TASK DIRECTIONS:
Only the lines from the one containing "Gökkuşağı Panda - 25x15cm" to the end of the listing below should be returned, exactly as written and without pictures.

SUPPLIED MATERIAL:
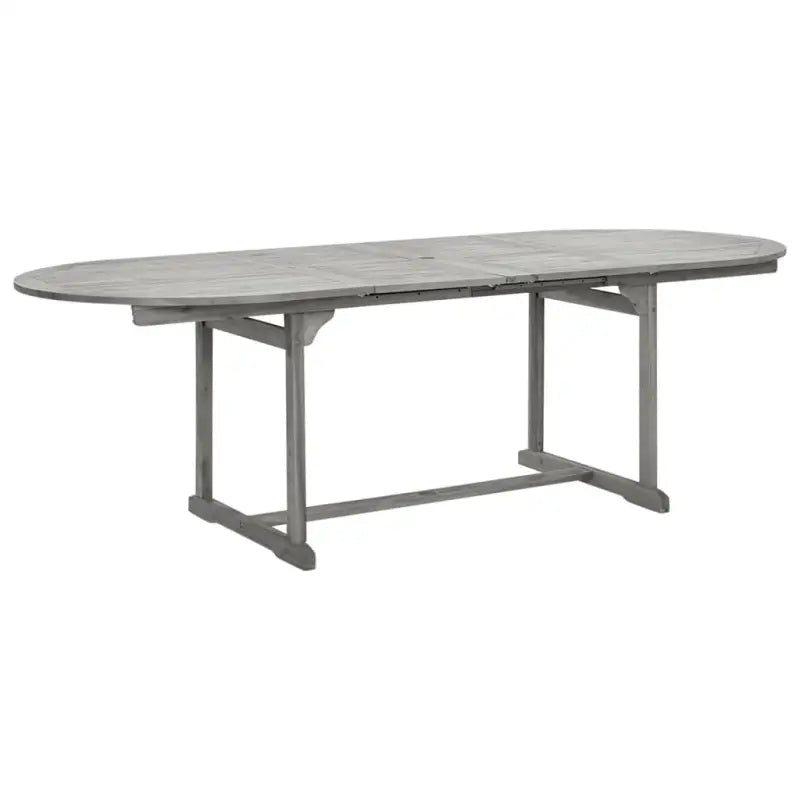Tuintafel van massief acaciahout voor een rustieke tuinset - Tuintafels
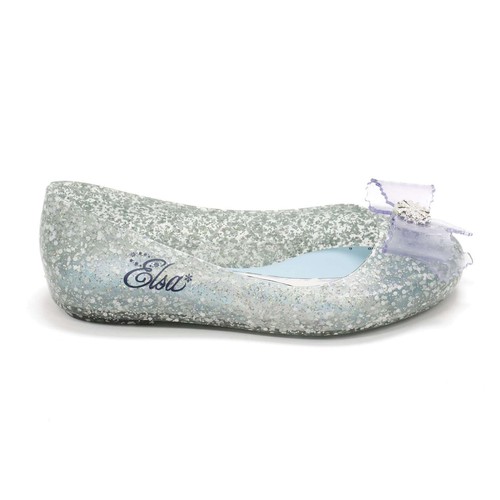 New Mini Melissa Sweet Love And Disney Princess Elsa Girls Flats - Picture 3 of 8
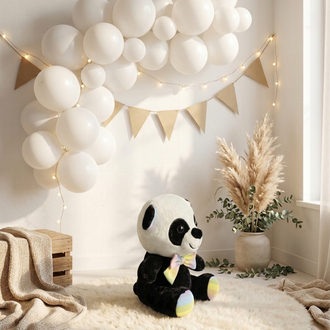 Gökkuşağı Panda - 25x15cm Kişiye Özel NFC’li Anı Hediyesi
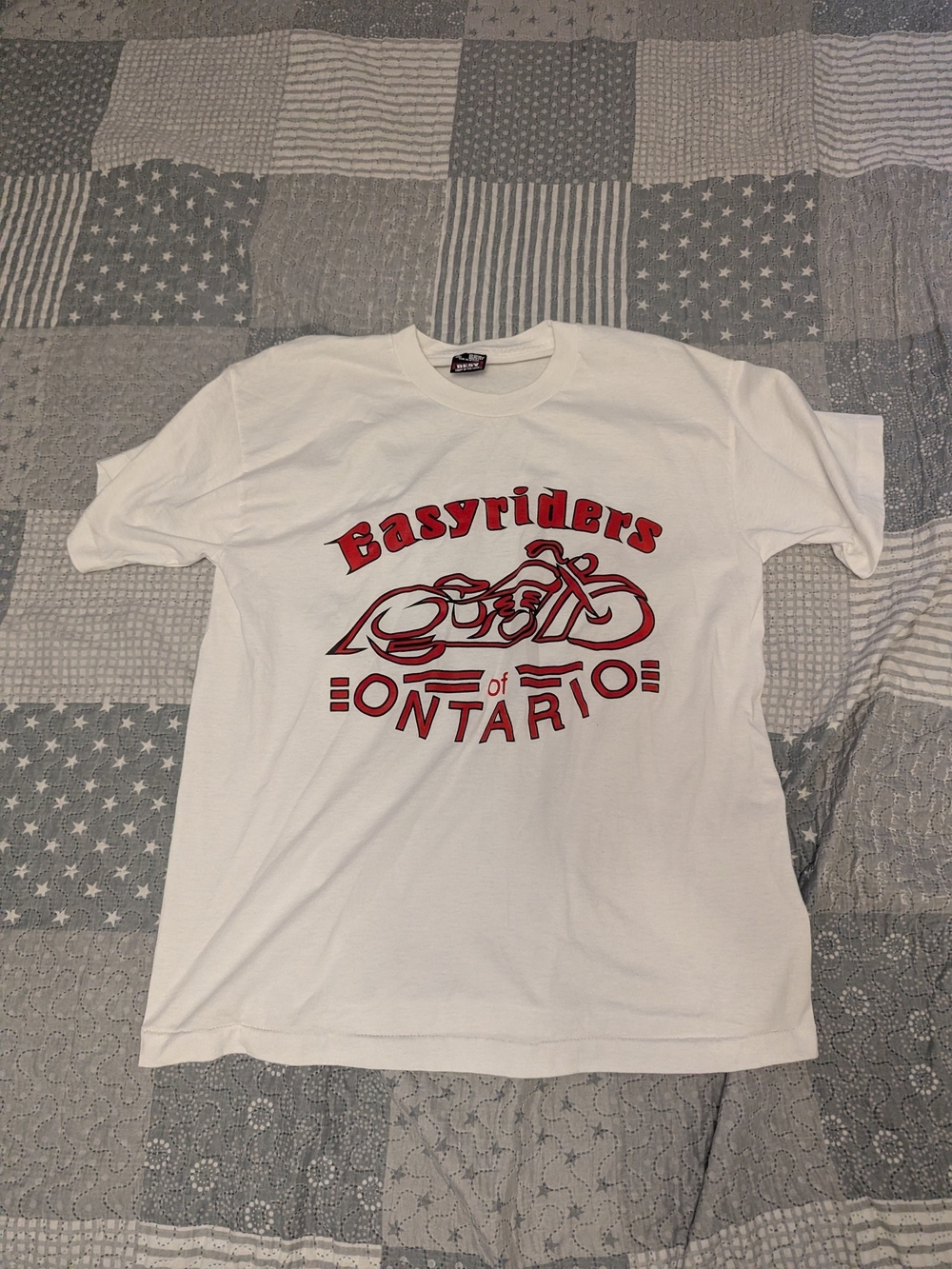 Vintage 1990s Easyriders Ontario Motorcycle Tee L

TASK OUTPUT:
 Gökkuşağı Panda - 25x15cm Kişiye Özel NFC’li Anı Hediyesi
 Vintage 1990s Easyriders Ontario Motorcycle Tee L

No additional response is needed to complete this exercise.